TASK BRIEF => Reproduce exactly only the lines from the line that holds "1504 2nd Street" to the line that holds "Shibuya voetgangersoversteekplaats met", inclusive, in the listing below, and please leave out every picture.

#### INFORMATION SHOWN ####

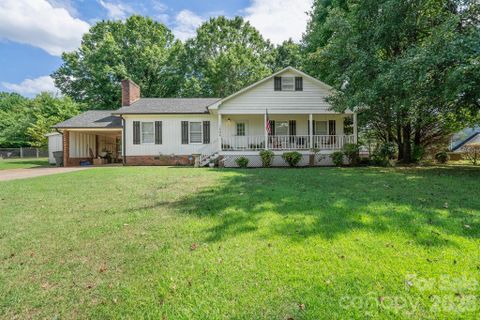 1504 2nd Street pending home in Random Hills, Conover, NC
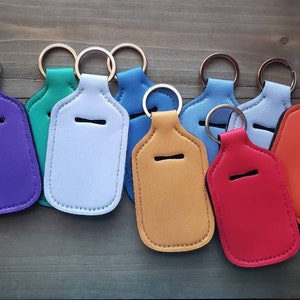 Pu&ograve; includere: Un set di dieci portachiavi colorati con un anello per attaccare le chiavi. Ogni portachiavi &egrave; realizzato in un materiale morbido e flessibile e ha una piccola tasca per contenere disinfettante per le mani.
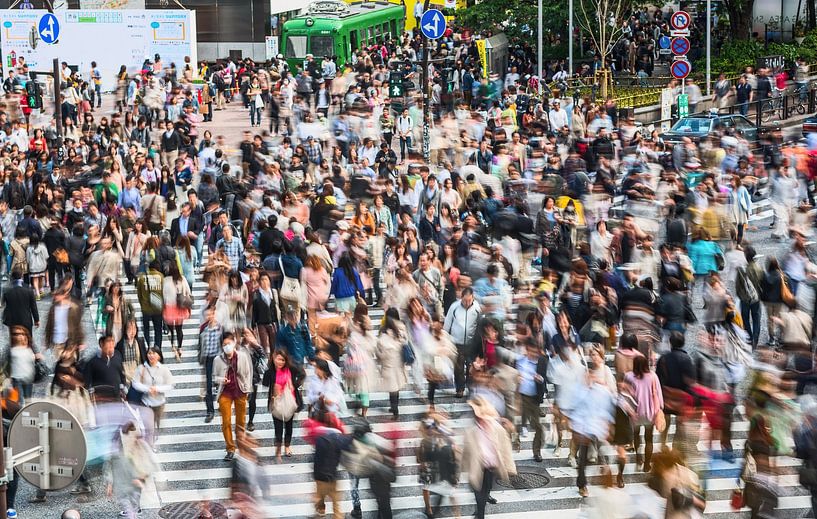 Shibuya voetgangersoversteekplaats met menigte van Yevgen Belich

####
#### INFORMATION SHOWN ####

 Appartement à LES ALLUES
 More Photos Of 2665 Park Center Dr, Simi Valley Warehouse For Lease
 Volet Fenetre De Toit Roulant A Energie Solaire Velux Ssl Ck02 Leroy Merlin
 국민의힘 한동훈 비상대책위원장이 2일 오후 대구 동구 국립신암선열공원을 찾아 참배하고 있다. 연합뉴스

####

EXERCISE ANSWER =>
 1504 2nd Street pending home in Random Hills, Conover, NC
 Pu&ograve; includere: Un set di dieci portachiavi colorati con un anello per attaccare le chiavi. Ogni portachiavi &egrave; realizzato in un materiale morbido e flessibile e ha una piccola tasca per contenere disinfettante per le mani.
 Shibuya voetgangersoversteekplaats met menigte van Yevgen Belich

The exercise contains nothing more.